TEMPO.CO, Jakarta - Polisi Israel mengalami kesulitan besar dalam mencari dan menemukan pemukim Israel yang menjadi korban pemerkosaan atau saksi dari tindakan yang diduga dilakukan oleh gerakan Perlawanan Hamas selama Operasi Banjir Al Aqsa 7 Oktober.
Menurut surat kabar Israel Haaretz, Kamis, 4 Januari 2024, salah satu penyebar utama klaim bahwa pejuang Perlawanan Palestina melakukan pelecehan seksual terhadap wanita Israel pada 7 Oktober, polisi tidak dapat menemukan korban atau saksi apa pun dari segala bentuk kekerasan seksual.
Meskipun pihak Israel sendiri secara praktis mengakui bahwa klaim mereka tidak berdasar.
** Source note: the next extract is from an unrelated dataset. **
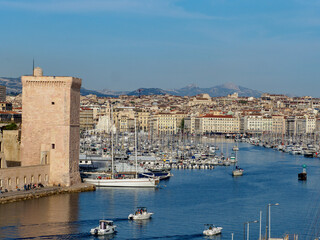 Fototapeta na wymiar Vieux Port de Marseille vu du fort Saint Jean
“Bahkan dalam beberapa kasus di mana [polisi] mengumpulkan kesaksian tentang pelanggaran seksual yang dilakukan pada tanggal 7 Oktober, mereka gagal menghubungkan tindakan tersebut dengan korban yang dirugikan oleh tindakan tersebut,” kata Haaretz.
Karena putus asa setelah tidak ditemukannya kasus kekerasan seksual dan karena pendudukan Israel berusaha untuk tidak menampilkan diri mereka dalam sorotan yang buruk dan mengabaikan tuduhan mereka bahwa Perlawanan memperkosa pemukim Israel, polisi menyerukan kepada masyarakat tampil dan memberikan "kesaksian" tentang masalah ini.
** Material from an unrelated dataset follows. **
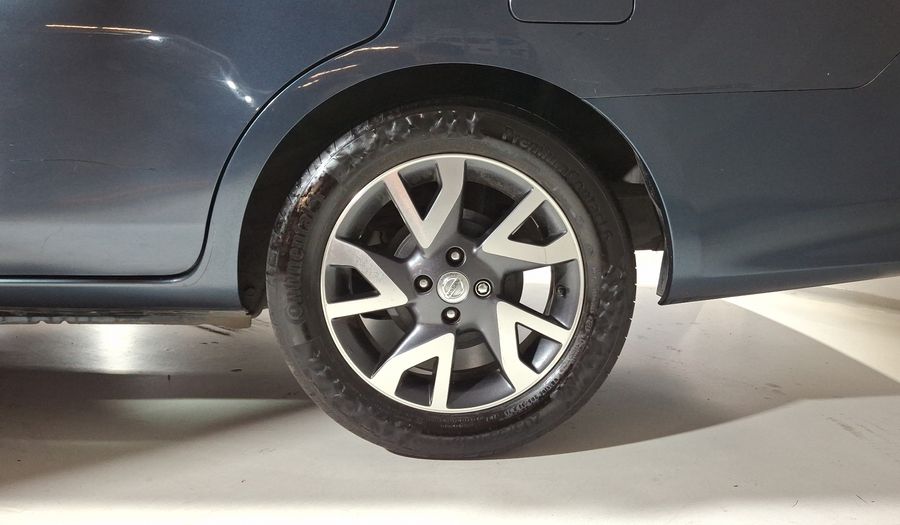 Nissan Versa EXCLUSIVE NAVI AT AC Sedan 2016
Saat wawancara dengan Christiane Amanpour dari CNN, Josh Paul, yang menjabat sebagai direktur kongres dan urusan masyarakat untuk Biro Urusan Politik-Militer Departemen Luar Negeri selama lebih dari 11 tahun, mengenang sebuah insiden ketika dia sebelumnya menjadi bagian dari pemeriksaan hak asasi manusia untuk proses pengiriman senjata ke Israel.
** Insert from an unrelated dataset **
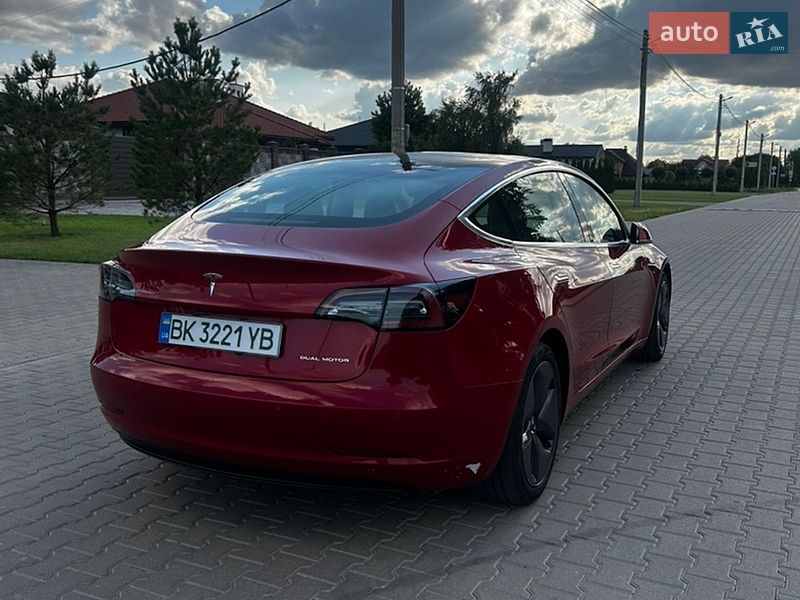 Седан Tesla Model 3 2019 в Ровно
Paul merinci bagaimana sebuah badan amal bernama Defense of Children International Palestine menarik perhatian Departemen Luar Negeri atas “tuduhan yang dapat dipercaya” mengenai seorang anak Palestina berusia 13 tahun yang diperkosa di pusat penahanan al-Mascobiyya di al-Quds.
Mantan pejabat AS itu menekankan pentingnya mengutuk kekejaman yang terjadi “setiap hari terhadap warga Palestina di Tepi Barat.”
Setelah menyampaikan tuduhan tersebut kepada rezim Israel, Paul mengenang bahwa keesokan harinya Israel “menyingkirkan komputer mereka dan menyatakannya sebagai entitas teroris.”